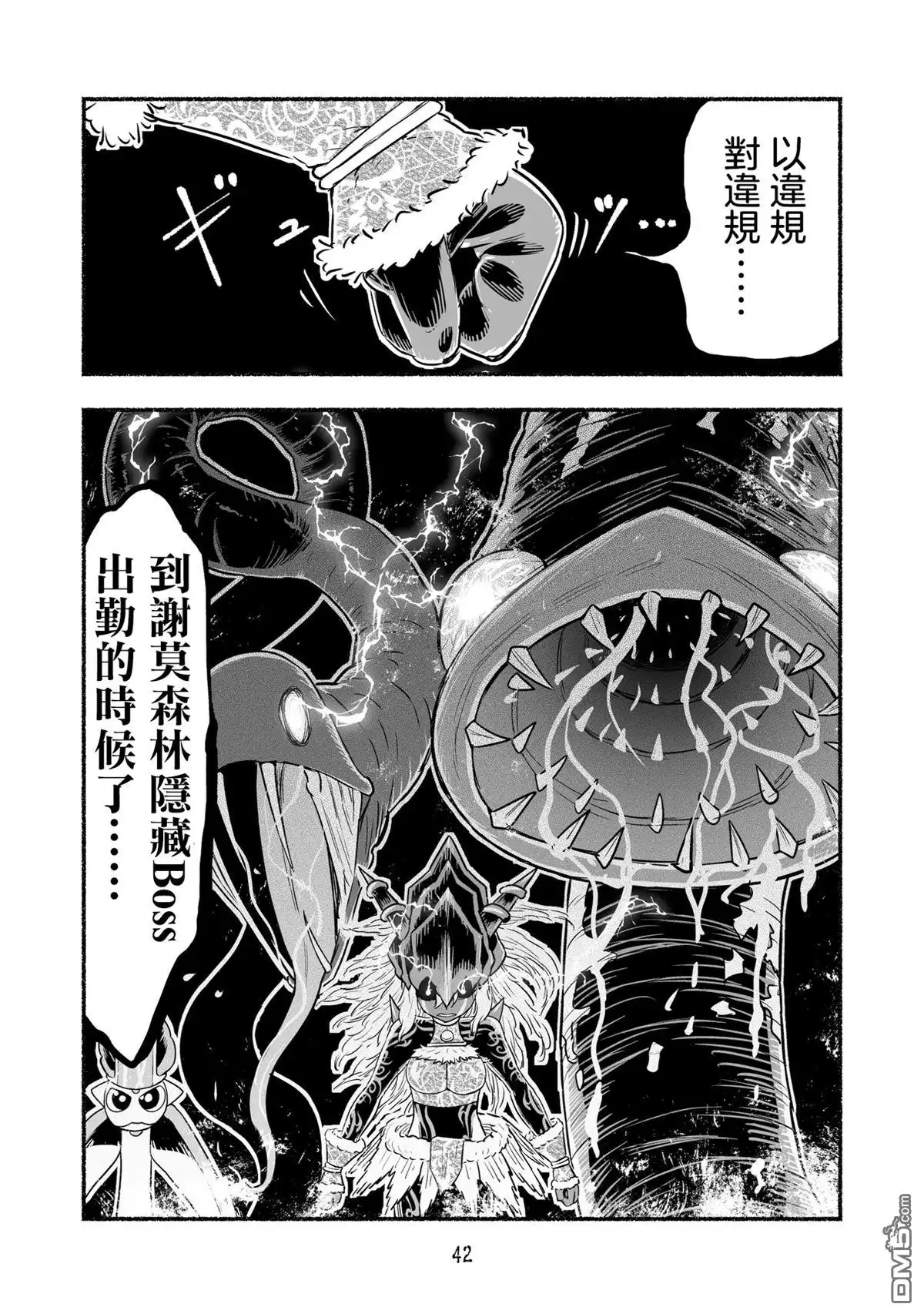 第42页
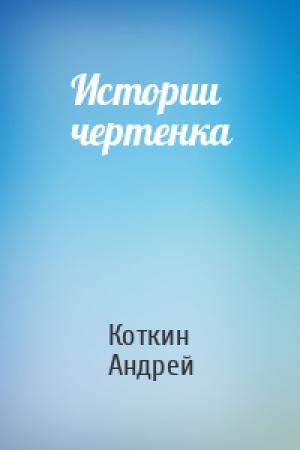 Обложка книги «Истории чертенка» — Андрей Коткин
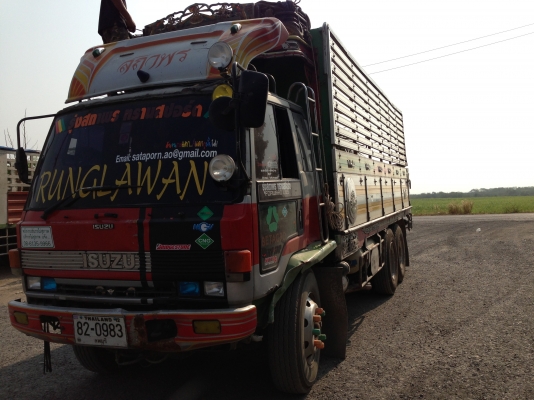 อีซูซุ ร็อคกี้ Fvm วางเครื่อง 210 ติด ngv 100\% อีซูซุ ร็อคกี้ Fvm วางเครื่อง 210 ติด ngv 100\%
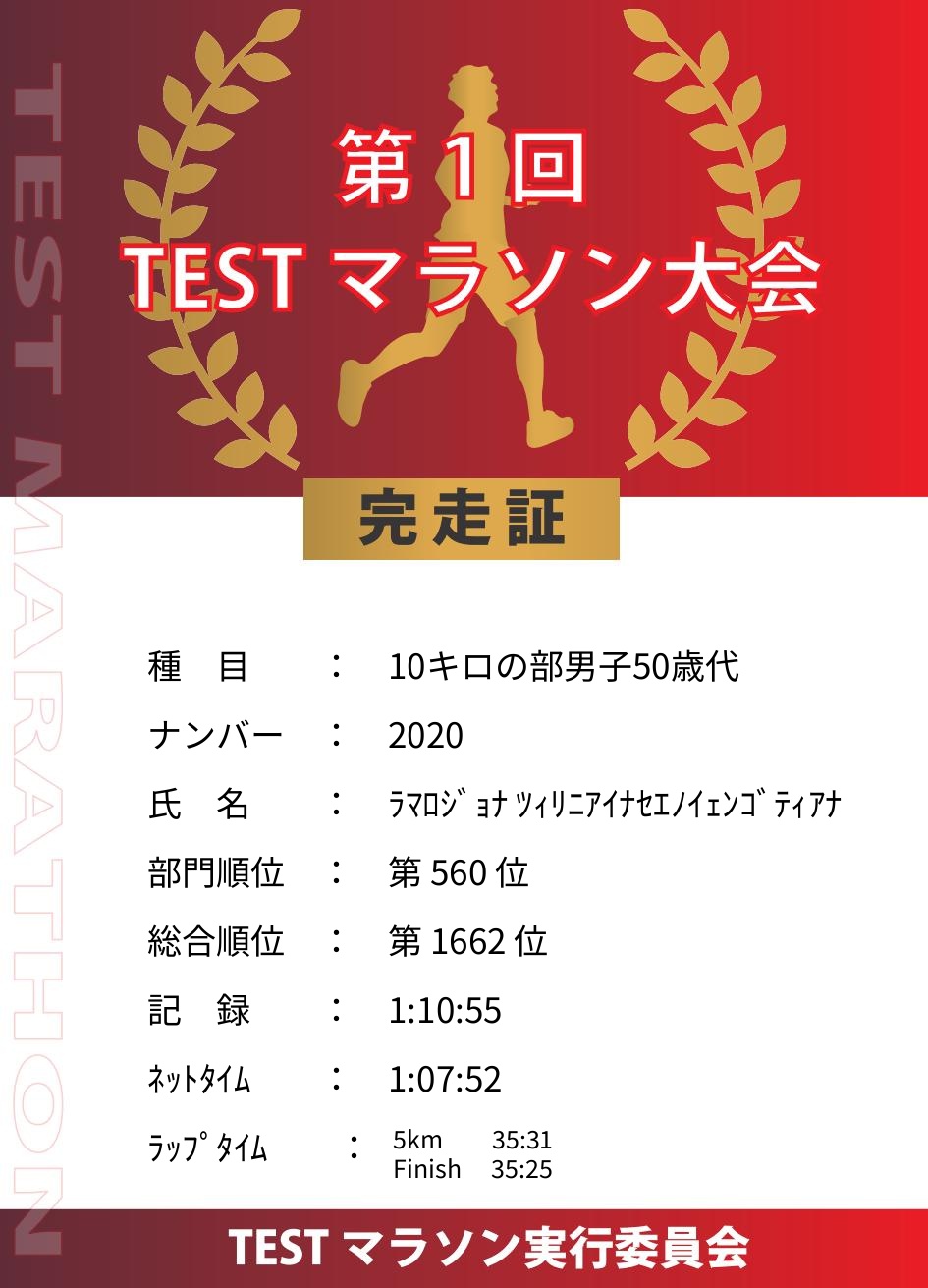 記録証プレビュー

● **Action item**: Leaving images out, please output every line of the data exactly.

● **Your solution**:
 第42页
 Обложка книги «Истории чертенка» — Андрей Коткин
 อีซูซุ ร็อคกี้ Fvm วางเครื่อง 210 ติด ngv 100\% อีซูซุ ร็อคกี้ Fvm วางเครื่อง 210 ติด ngv 100\%
 記録証プレビュー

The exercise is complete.